Repeat each entry exactly.

• [PROVIDED RECORDS]:
>>>
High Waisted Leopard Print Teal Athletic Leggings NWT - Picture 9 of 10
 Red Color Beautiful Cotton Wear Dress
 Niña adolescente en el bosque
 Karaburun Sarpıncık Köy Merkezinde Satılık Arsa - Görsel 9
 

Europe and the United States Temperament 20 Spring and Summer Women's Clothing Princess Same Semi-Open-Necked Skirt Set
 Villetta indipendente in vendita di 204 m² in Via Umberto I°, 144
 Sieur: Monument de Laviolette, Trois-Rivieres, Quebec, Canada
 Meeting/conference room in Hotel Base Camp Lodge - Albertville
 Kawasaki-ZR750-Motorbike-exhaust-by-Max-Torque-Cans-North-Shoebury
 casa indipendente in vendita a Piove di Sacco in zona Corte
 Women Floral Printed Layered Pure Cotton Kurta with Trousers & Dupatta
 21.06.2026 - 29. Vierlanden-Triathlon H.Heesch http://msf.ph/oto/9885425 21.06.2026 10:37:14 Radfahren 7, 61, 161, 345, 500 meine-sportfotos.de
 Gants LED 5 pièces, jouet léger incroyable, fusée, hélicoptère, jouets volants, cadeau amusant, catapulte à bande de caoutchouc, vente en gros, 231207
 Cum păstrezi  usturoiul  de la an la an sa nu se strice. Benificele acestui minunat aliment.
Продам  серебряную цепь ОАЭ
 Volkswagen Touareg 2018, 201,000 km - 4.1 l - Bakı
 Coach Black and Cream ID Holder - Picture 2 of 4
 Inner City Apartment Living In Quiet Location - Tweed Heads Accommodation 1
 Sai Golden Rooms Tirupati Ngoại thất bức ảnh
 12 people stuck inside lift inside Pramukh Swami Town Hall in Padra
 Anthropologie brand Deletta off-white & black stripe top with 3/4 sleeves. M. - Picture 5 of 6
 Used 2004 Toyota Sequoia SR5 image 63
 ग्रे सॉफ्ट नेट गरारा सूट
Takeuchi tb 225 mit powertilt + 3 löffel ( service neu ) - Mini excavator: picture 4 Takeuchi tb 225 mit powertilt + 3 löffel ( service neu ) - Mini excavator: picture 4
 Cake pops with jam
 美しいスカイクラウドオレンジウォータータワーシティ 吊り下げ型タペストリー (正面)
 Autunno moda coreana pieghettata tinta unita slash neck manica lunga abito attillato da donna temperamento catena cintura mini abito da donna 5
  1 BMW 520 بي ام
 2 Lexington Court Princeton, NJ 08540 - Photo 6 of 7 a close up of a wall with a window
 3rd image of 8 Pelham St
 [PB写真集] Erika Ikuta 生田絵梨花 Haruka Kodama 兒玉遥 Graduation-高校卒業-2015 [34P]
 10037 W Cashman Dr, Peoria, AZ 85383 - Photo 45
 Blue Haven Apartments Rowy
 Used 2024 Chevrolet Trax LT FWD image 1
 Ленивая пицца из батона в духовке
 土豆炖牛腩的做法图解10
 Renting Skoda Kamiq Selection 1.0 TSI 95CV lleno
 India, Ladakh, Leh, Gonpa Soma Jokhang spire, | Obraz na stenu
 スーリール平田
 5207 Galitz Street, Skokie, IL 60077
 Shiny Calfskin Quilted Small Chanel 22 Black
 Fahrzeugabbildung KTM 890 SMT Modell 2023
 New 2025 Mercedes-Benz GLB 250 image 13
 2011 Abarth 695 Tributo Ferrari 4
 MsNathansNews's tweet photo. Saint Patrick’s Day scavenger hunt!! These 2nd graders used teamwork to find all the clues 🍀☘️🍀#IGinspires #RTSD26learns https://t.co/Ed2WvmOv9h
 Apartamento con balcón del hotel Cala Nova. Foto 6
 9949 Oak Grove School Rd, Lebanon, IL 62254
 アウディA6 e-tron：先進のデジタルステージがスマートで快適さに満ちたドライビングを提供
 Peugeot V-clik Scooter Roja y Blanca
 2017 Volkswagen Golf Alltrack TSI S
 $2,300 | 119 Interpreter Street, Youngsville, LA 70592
<<<
• [REPLY]:
High Waisted Leopard Print Teal Athletic Leggings NWT - Picture 9 of 10
 Red Color Beautiful Cotton Wear Dress
 Niña adolescente en el bosque
 Karaburun Sarpıncık Köy Merkezinde Satılık Arsa - Görsel 9
 

Europe and the United States Temperament 20 Spring and Summer Women's Clothing Princess Same Semi-Open-Necked Skirt Set
 Villetta indipendente in vendita di 204 m² in Via Umberto I°, 144
 Sieur: Monument de Laviolette, Trois-Rivieres, Quebec, Canada
 Meeting/conference room in Hotel Base Camp Lodge - Albertville
 Kawasaki-ZR750-Motorbike-exhaust-by-Max-Torque-Cans-North-Shoebury
 casa indipendente in vendita a Piove di Sacco in zona Corte
 Women Floral Printed Layered Pure Cotton Kurta with Trousers & Dupatta
 21.06.2026 - 29. Vierlanden-Triathlon H.Heesch http://msf.ph/oto/9885425 21.06.2026 10:37:14 Radfahren 7, 61, 161, 345, 500 meine-sportfotos.de
 Gants LED 5 pièces, jouet léger incroyable, fusée, hélicoptère, jouets volants, cadeau amusant, catapulte à bande de caoutchouc, vente en gros, 231207
 Cum păstrezi  usturoiul  de la an la an sa nu se strice. Benificele acestui minunat aliment.
Продам  серебряную цепь ОАЭ
 Volkswagen Touareg 2018, 201,000 km - 4.1 l - Bakı
 Coach Black and Cream ID Holder - Picture 2 of 4
 Inner City Apartment Living In Quiet Location - Tweed Heads Accommodation 1
 Sai Golden Rooms Tirupati Ngoại thất bức ảnh
 12 people stuck inside lift inside Pramukh Swami Town Hall in Padra
 Anthropologie brand Deletta off-white & black stripe top with 3/4 sleeves. M. - Picture 5 of 6
 Used 2004 Toyota Sequoia SR5 image 63
 ग्रे सॉफ्ट नेट गरारा सूट
Takeuchi tb 225 mit powertilt + 3 löffel ( service neu ) - Mini excavator: picture 4 Takeuchi tb 225 mit powertilt + 3 löffel ( service neu ) - Mini excavator: picture 4
 Cake pops with jam
 美しいスカイクラウドオレンジウォータータワーシティ 吊り下げ型タペストリー (正面)
 Autunno moda coreana pieghettata tinta unita slash neck manica lunga abito attillato da donna temperamento catena cintura mini abito da donna 5
  1 BMW 520 بي ام
 2 Lexington Court Princeton, NJ 08540 - Photo 6 of 7 a close up of a wall with a window
 3rd image of 8 Pelham St
 [PB写真集] Erika Ikuta 生田絵梨花 Haruka Kodama 兒玉遥 Graduation-高校卒業-2015 [34P]
 10037 W Cashman Dr, Peoria, AZ 85383 - Photo 45
 Blue Haven Apartments Rowy
 Used 2024 Chevrolet Trax LT FWD image 1
 Ленивая пицца из батона в духовке
 土豆炖牛腩的做法图解10
 Renting Skoda Kamiq Selection 1.0 TSI 95CV lleno
 India, Ladakh, Leh, Gonpa Soma Jokhang spire, | Obraz na stenu
 スーリール平田
 5207 Galitz Street, Skokie, IL 60077
 Shiny Calfskin Quilted Small Chanel 22 Black
 Fahrzeugabbildung KTM 890 SMT Modell 2023
 New 2025 Mercedes-Benz GLB 250 image 13
 2011 Abarth 695 Tributo Ferrari 4
 MsNathansNews's tweet photo. Saint Patrick’s Day scavenger hunt!! These 2nd graders used teamwork to find all the clues 🍀☘️🍀#IGinspires #RTSD26learns https://t.co/Ed2WvmOv9h
 Apartamento con balcón del hotel Cala Nova. Foto 6
 9949 Oak Grove School Rd, Lebanon, IL 62254
 アウディA6 e-tron：先進のデジタルステージがスマートで快適さに満ちたドライビングを提供
 Peugeot V-clik Scooter Roja y Blanca
 2017 Volkswagen Golf Alltrack TSI S
 $2,300 | 119 Interpreter Street, Youngsville, LA 70592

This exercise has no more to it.